TORONTO (miningweekly.com) – Toronto-based Canada Lithium plans to complete a definitive feasibility for its Quebec lithium project, in Canada's Quebec province, by the first quarter of 2011, the firm said this week.
The company published the results of a prefeasibility study for the project, which envisages an operation producing 42,6-million pounds a year of battery-grade lithium carbonate, with initial capital costs estimated at $148-million, including contingencies.
“This study is a good indication that the Quebec Lithium property can compete financially with most of the lithium brine prospects under development, but on a much faster timeline,” CEO Peter Secker said in a statement.

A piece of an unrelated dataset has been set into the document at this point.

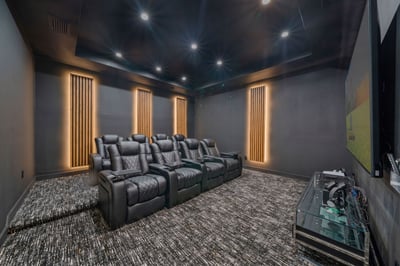 Luxury Villa Photo #35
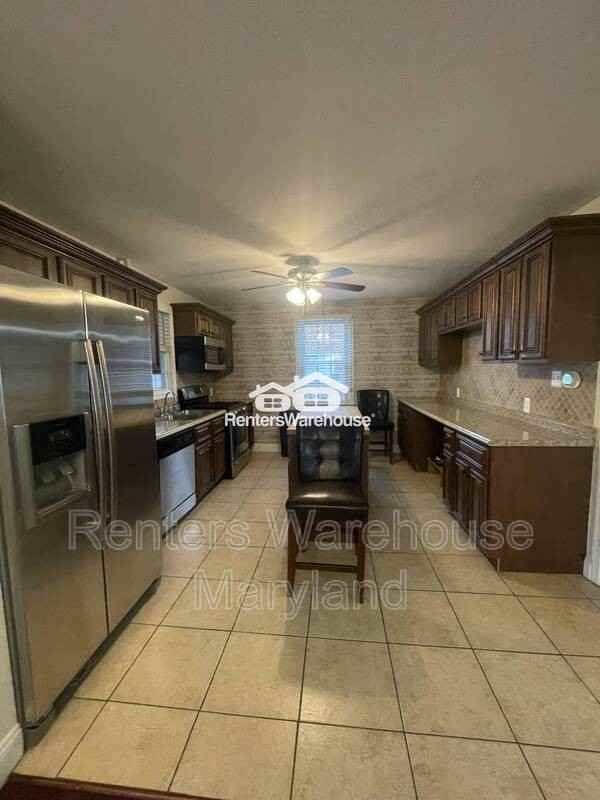 8203 Watersedge Rd - Photo 5 of 18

“Canada Lithium is positioning itself to become a significant, secure North American supplier of high-quality lithium carbonate within the next two years.”
The project has excellent existing road, rail and power infrastructure and is located within a 14-hour drive of Detroit, the emerging North American centre for electric vehicle and battery manufacturers, the company said.
Canada Lithium is looking at a two-stage development plan, which it will detail in its feasibility study.
After receiving positive results from the prefeasibility study, pilot-plant metallurgical studies are under way and the company plans to start engineering soon to advance the project to a a feasibility study level.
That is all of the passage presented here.